ASSIGNMENT.
What you return should be only the lines in the entries below between the one holding "Cuisinart Stabmixer Kabellos Silber" and the one holding "Дизайнерский пластиковый чехол", ends included, with every picture left out.

DATA FOR THE TASK.
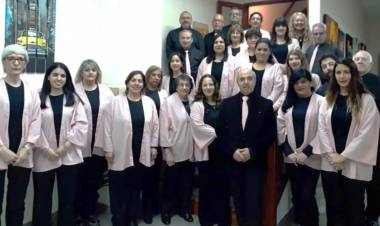 Se realizará un festejo por los 48 años del Coral Punta Alta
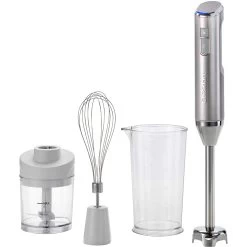Cuisinart Stabmixer Kabellos Silber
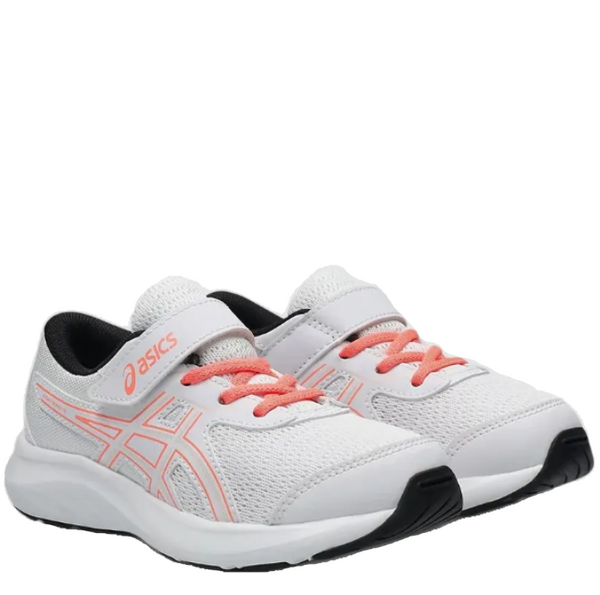 Kids Asics Contend 9 PS White/Pearl Pink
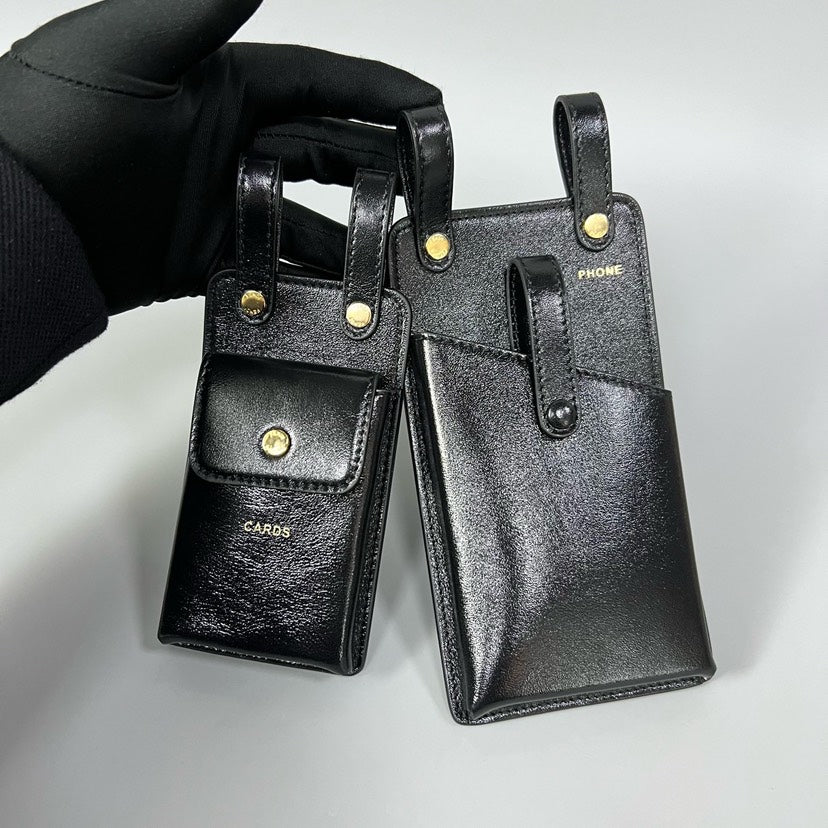 Fendi 2 in 1 Bum Bag Black and Grey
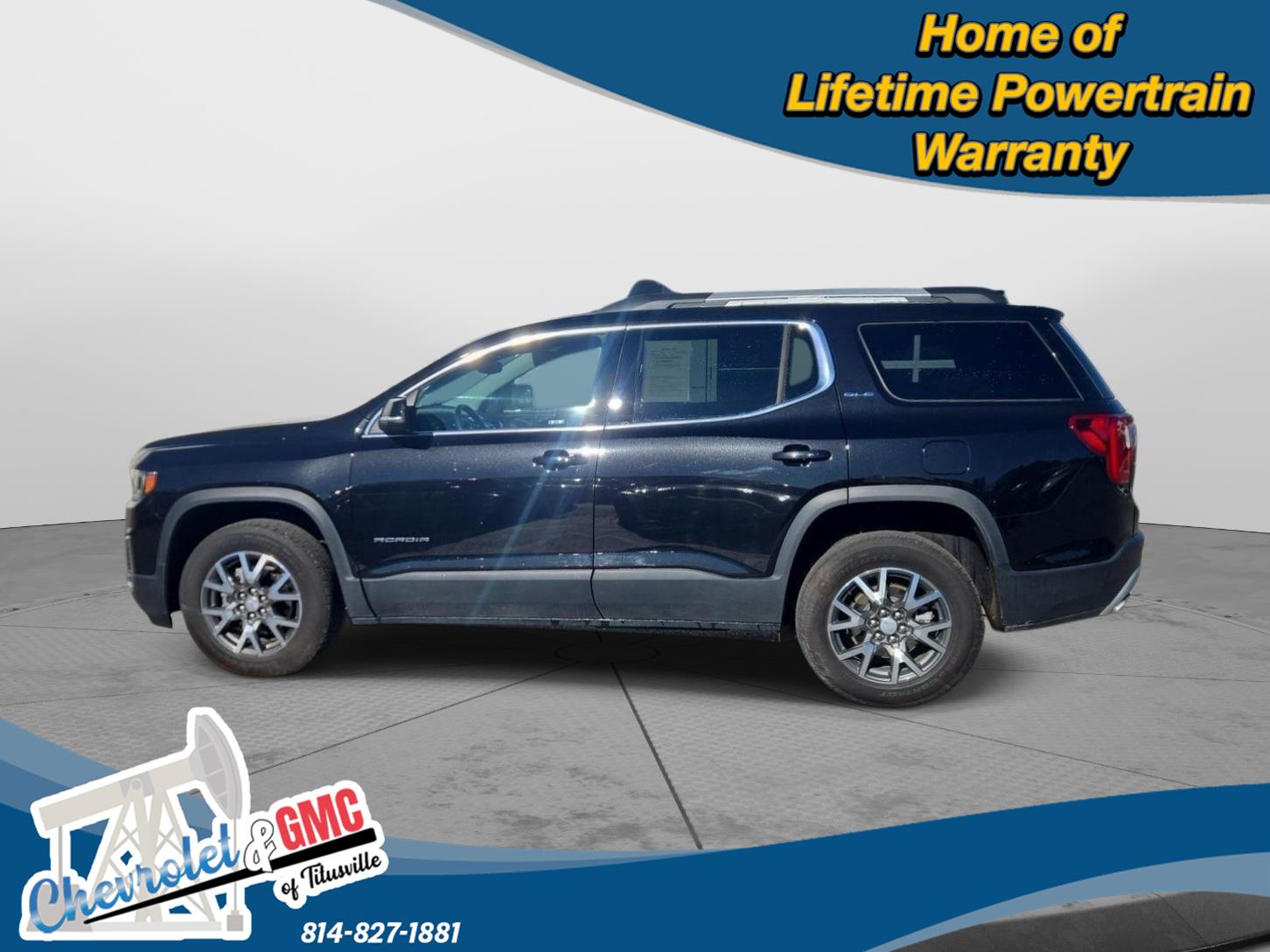 2023 GMC Acadia SLE - 4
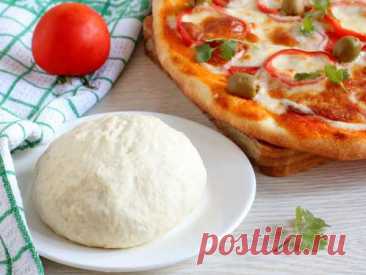 Тонкое тесто для пиццы как в пиццерии — рецепт с фото пошагово + отзывы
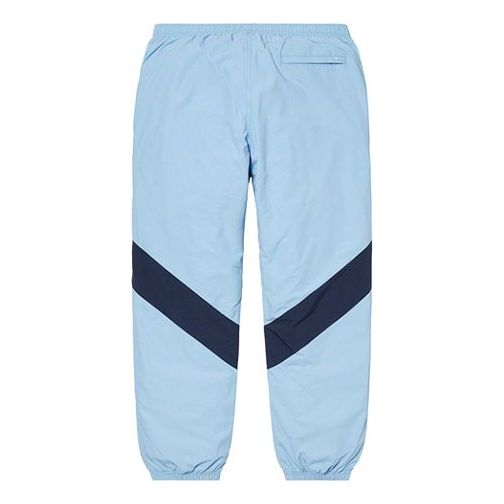 Supreme Paneled Track Pants 'Teal Black White' SUP-SS20-112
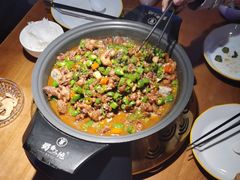 -蜀香三绝·牛蛙·烤鱼·天府炒鸡(安丘泰华店)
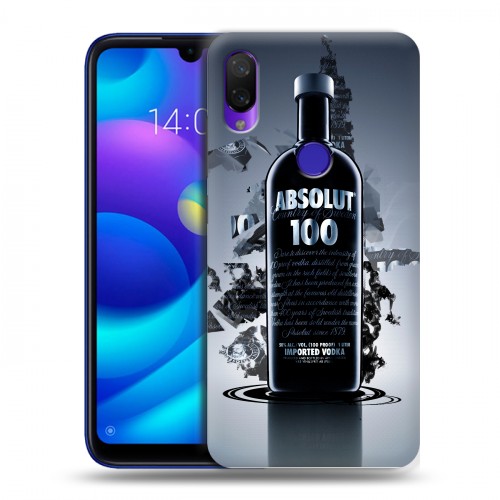 Дизайнерский пластиковый чехол для Xiaomi Mi Play Absolut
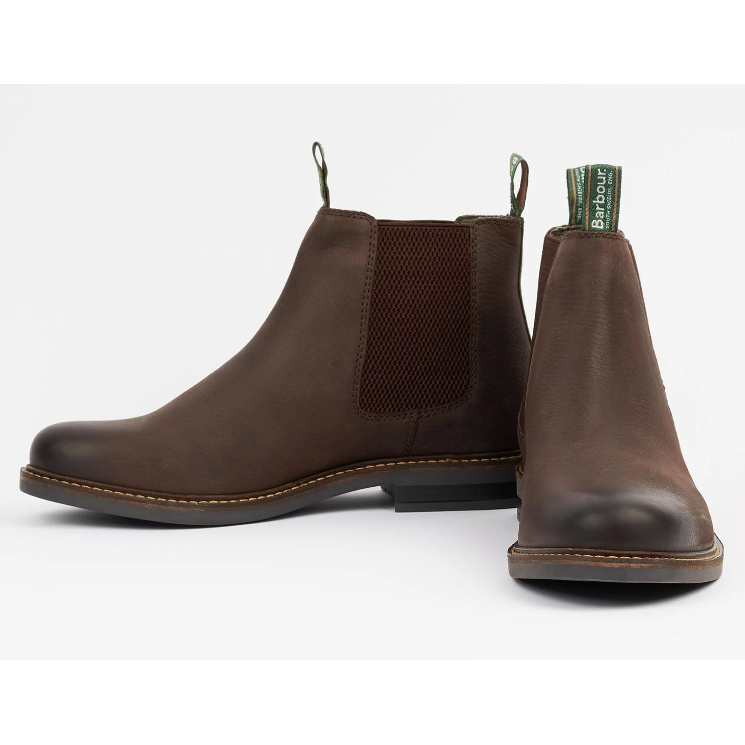 Barbour leather 2025 chelsea boots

ANSWER AREA.
Cuisinart Stabmixer Kabellos Silber
 Kids Asics Contend 9 PS White/Pearl Pink
 Fendi 2 in 1 Bum Bag Black and Grey
 2023 GMC Acadia SLE - 4
 Тонкое тесто для пиццы как в пиццерии — рецепт с фото пошагово + отзывы
 Supreme Paneled Track Pants 'Teal Black White' SUP-SS20-112
 -蜀香三绝·牛蛙·烤鱼·天府炒鸡(安丘泰华店)
 Дизайнерский пластиковый чехол для Xiaomi Mi Play Absolut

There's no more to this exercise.